Tuesday, April 27, 2010

Lending a hand


It has stopped raining for the most part, but is still windy and cloudy. A good Museum day... So we headed off to the Guggenheim Museum at 89th St and Central Park East. The main feature of the Gugg is the Gugg itself (by the way, no one but me calls it the Gugg), designed by Frank Lloyd Wright, the "only building in NYC designed by the famous Mr. Wright". That is why they allow photography on the first floor only, so you can show your friends how Dr. Seuss would design an art museum.




It really is quite cleverly designed such that one can walk from top to bottom (or bottom to top, as we stupidly did) over the 6 levels without having to backtrack as in a normal square museum, except for when in the annexes. You miss nothing this way. They also give you free audio headphones for your $18 per, so you don't have to bother reading as you tour.

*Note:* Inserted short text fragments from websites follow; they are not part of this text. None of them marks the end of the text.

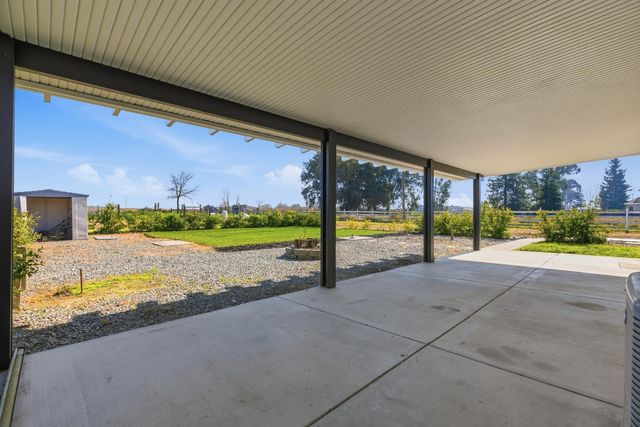 10118 Pioneer Ave, Oakdale, CA 95361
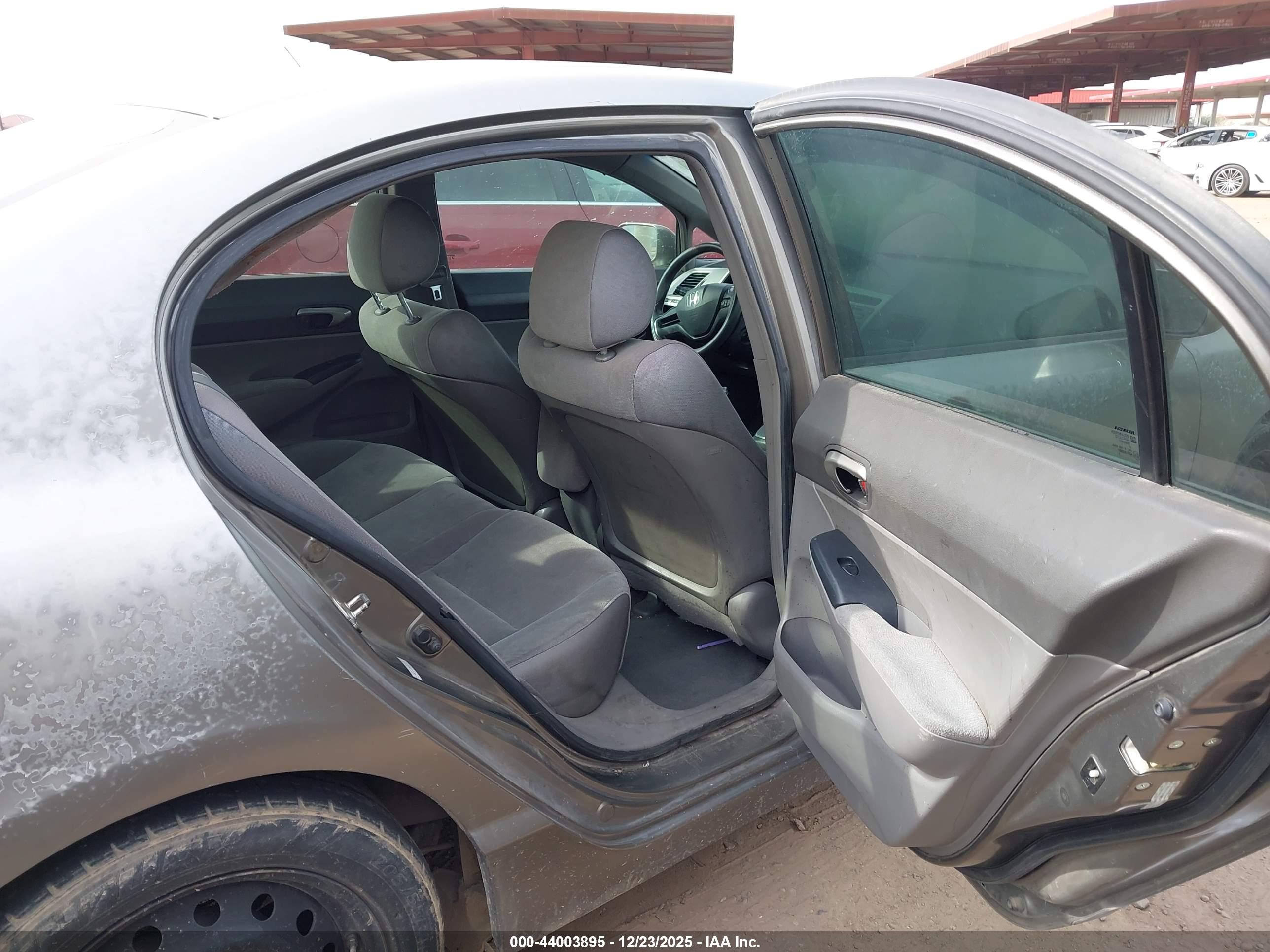 HONDA CIVIC image 8
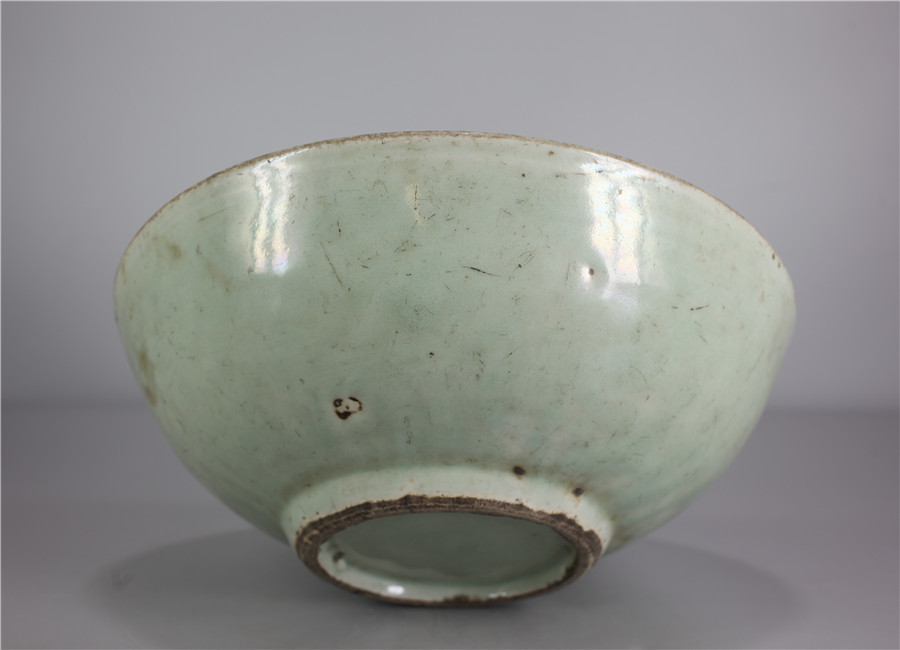 C6152 唐物 【明代青磁】 陰刻 花文 大鉢 径約30cm／箱付 時代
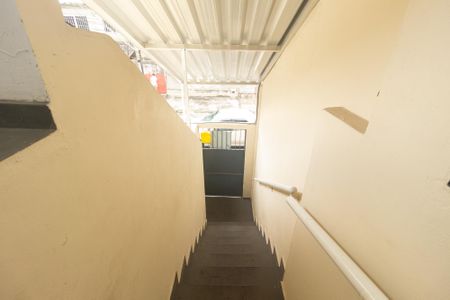 Casa para alugar com 75m², 2 quartos e sem vaga Casa para alugar com 75m², 2 quartos e sem vagaEscada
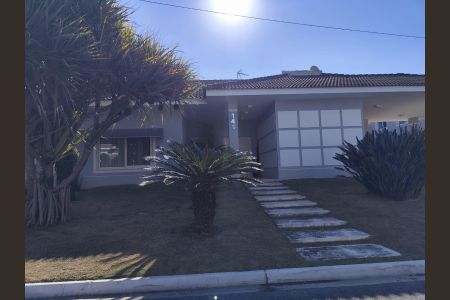 Casa de condomínio para alugar com 400m², 5 quartos e 4 vagasFachada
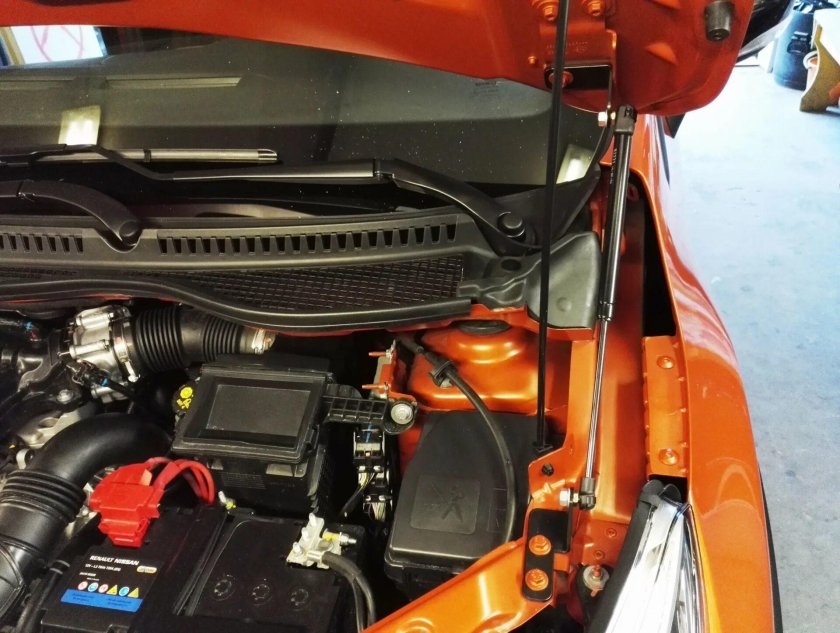 Капот Рено Каптур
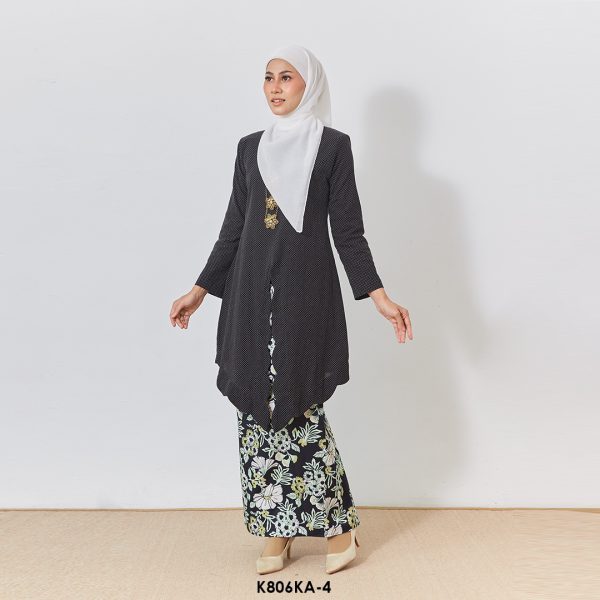 Kebaya Anggun 2.0 in Black (K806KA-5) - Image 2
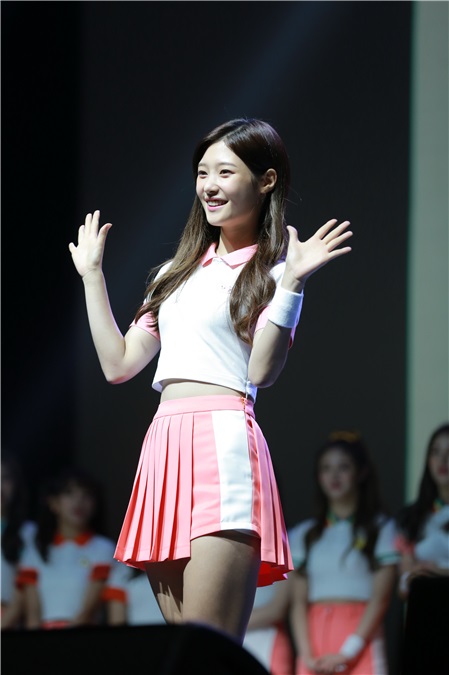 女团I.O.I举行回归Showcase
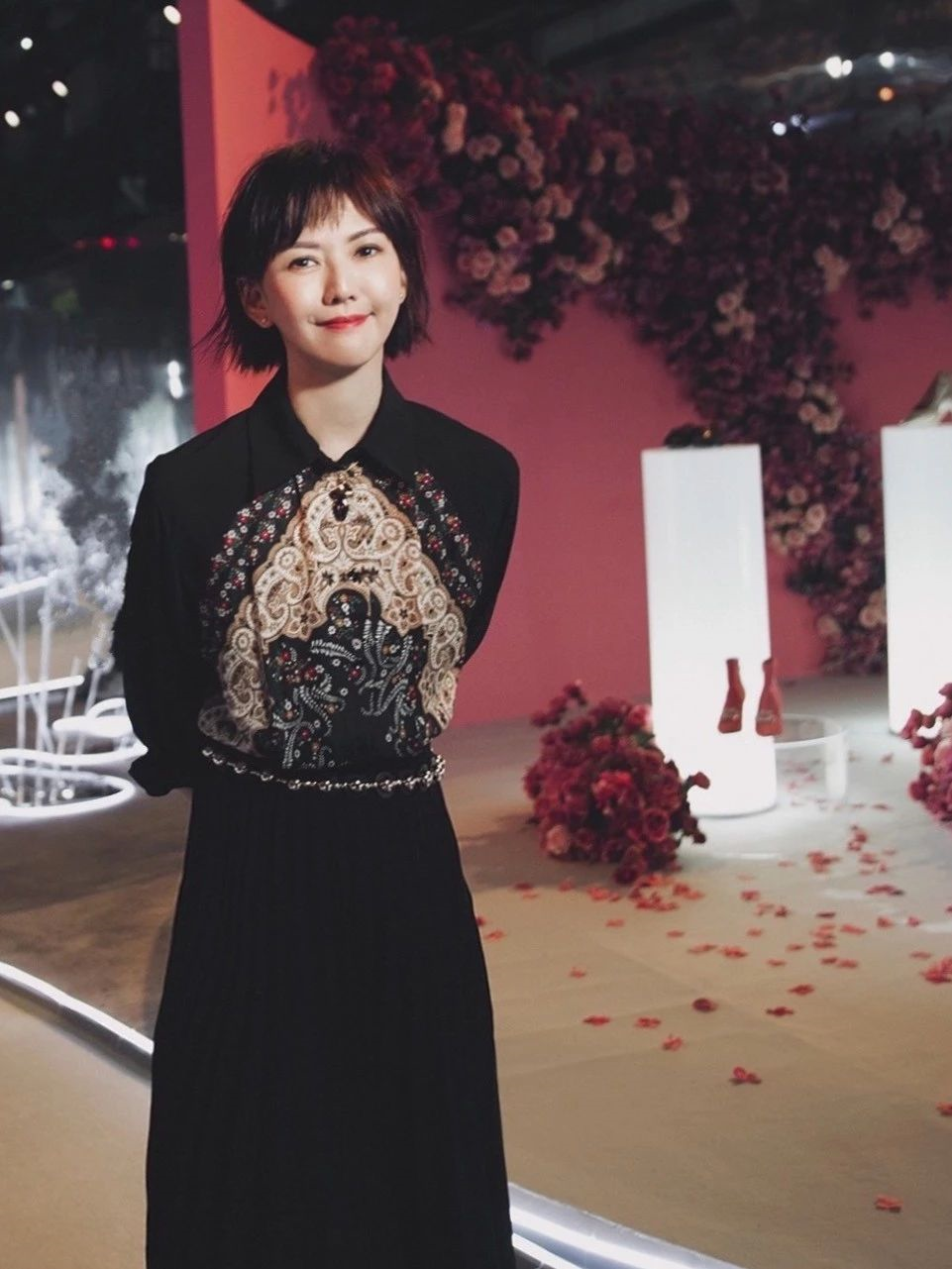 孙燕姿出席2019年百丽国际时尚欢聚盛典(图片来源:make / music)令人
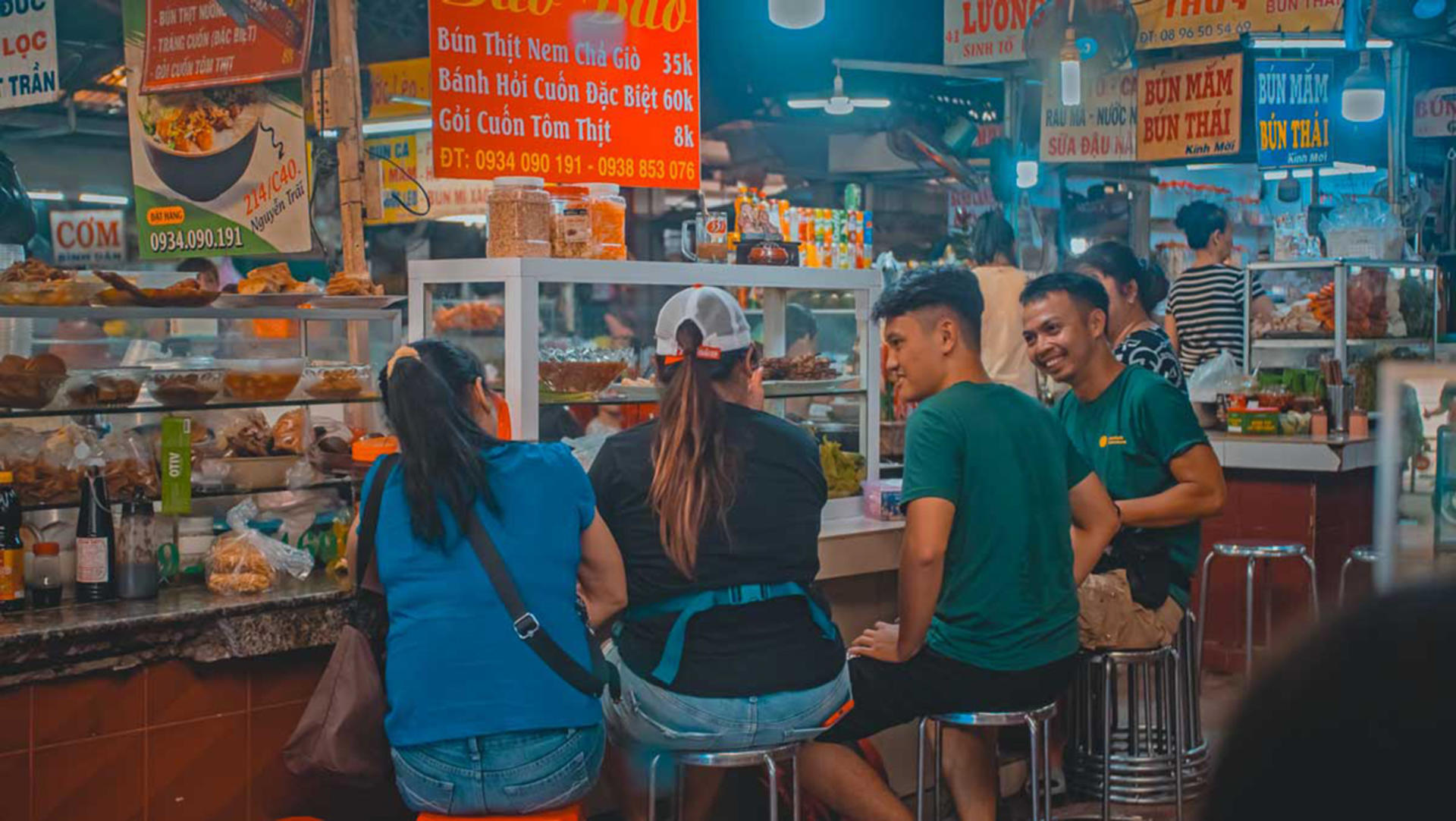 Ho Chi Minh City Night Street Food Tour with 6 Tastings - Thumbnail 4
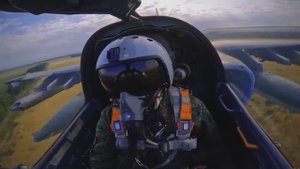 Смотри!!! Работа СУ-25 - "Грач", кадры из кабины!!!
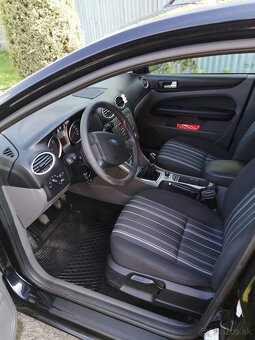 Ford Focus 1.6 Benzin - 8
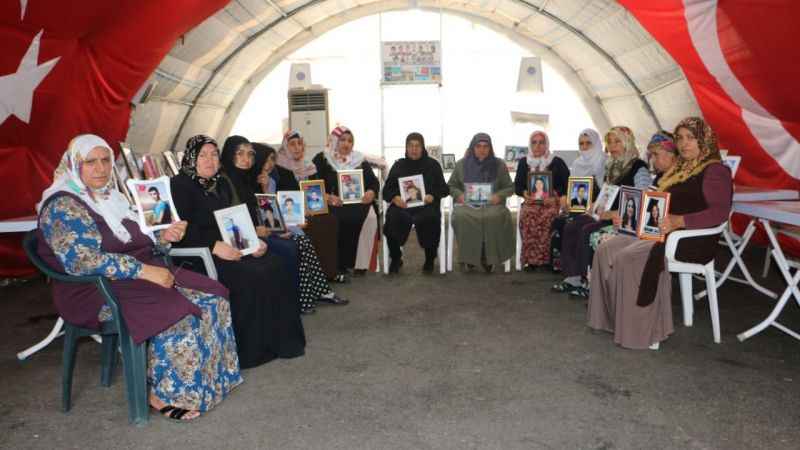 Annelerin umutlu bekleyişi bin 472 gündür devam ediyor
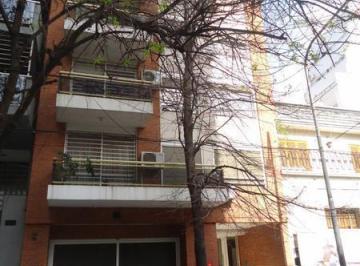 Departamento · 60m² · 3 Ambientes · 1 Cochera · Alquiler - 3 Ambientes - Caballito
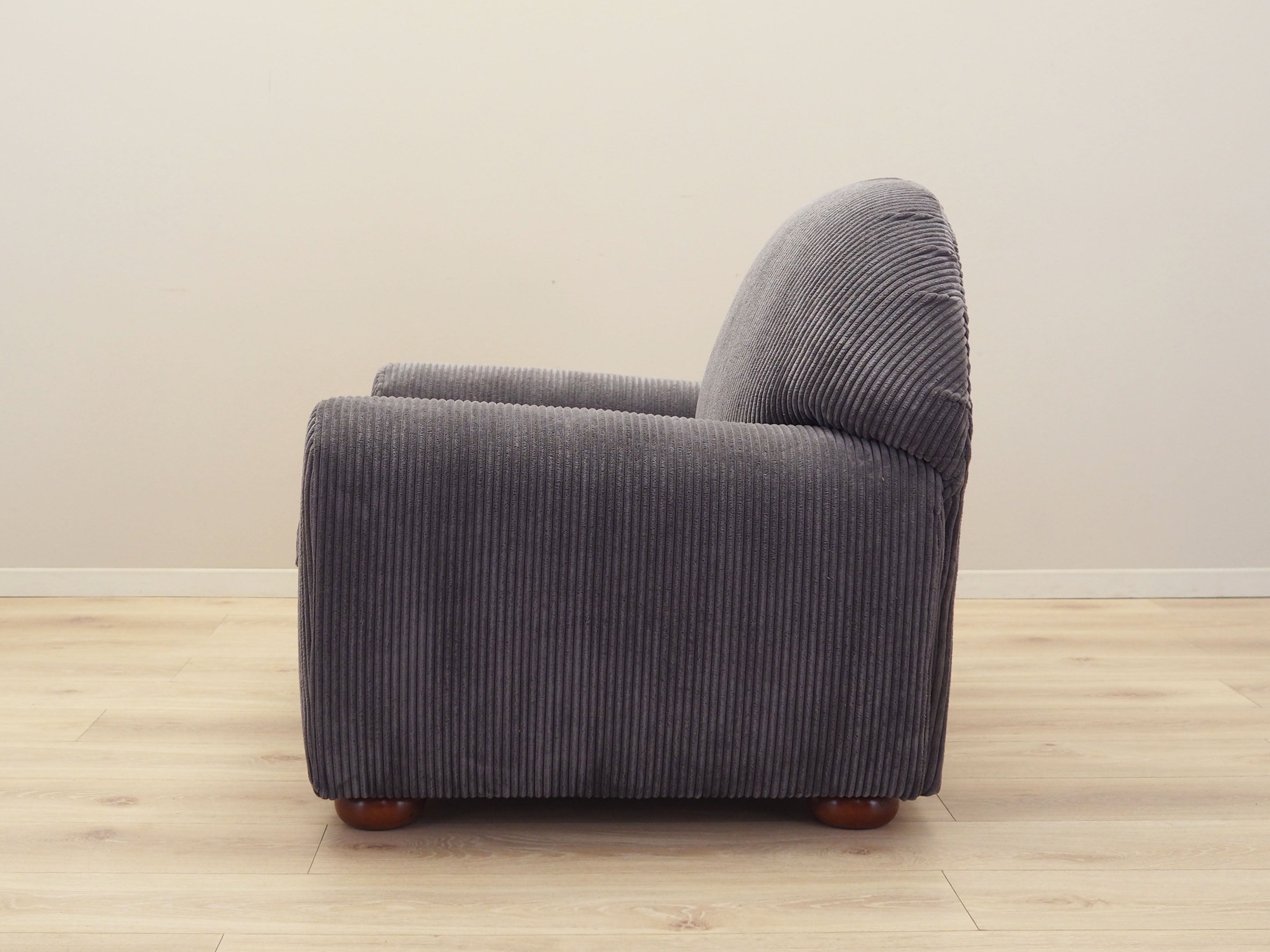 Grey_velour_armchair_Italian_design_1980s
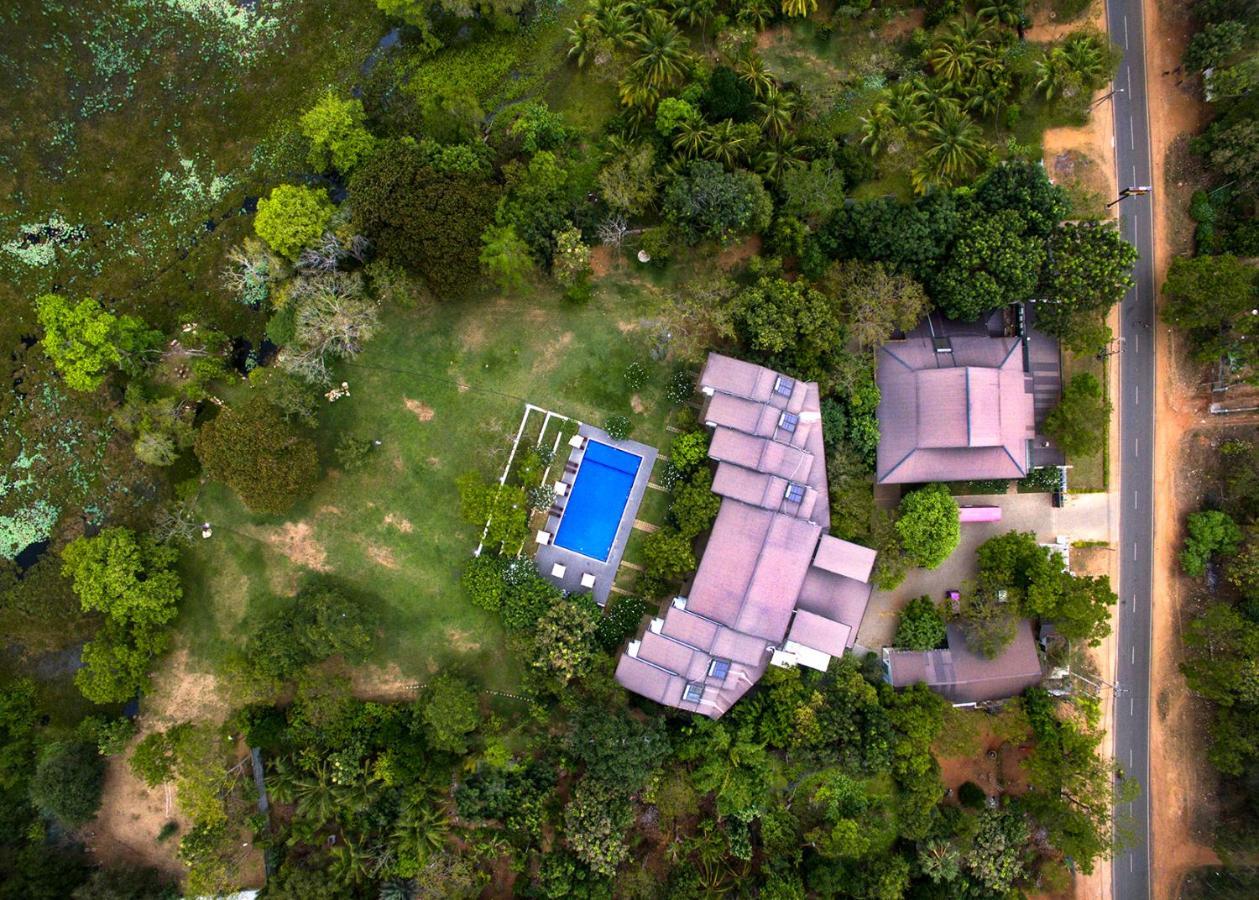 Grand Tamarind Lake Kataragama Esterno foto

The theme of the current showing is "Haunted" and there was some cool stuff. But the old favorites such as the Monet's -- seen from a distance so they look good, and besides, there are too many people crowding in front of you to get a close look -- and the Picasso's, and other avant-garde type art was great, but not our favorites.

Had I known that on this very day the Tim Burton exhibit at MOMA was closing, we probably would have saved the Gugg trip for another day. Groan! I missed Sarah Jessica Parker's severed head (from "Mars Attacks")!!! Well, it is not her best feature. And who brings a bag of oats to an art museum?

But I digress. We had a perfectly good time at the Gugg, and a nice slice for lunch for some lucky boy at the pizza place next to the 86th and Lex subway station too!

Back to the hotel for our daily nap, and later a snack since we decided...OK, I decided...to have supper post-theater, since we were seeing a 1-act, 90 minute play that started at 7pm, and because I wanted to catch game 7 of the Phx-Det hockey series. Game 7's are just special.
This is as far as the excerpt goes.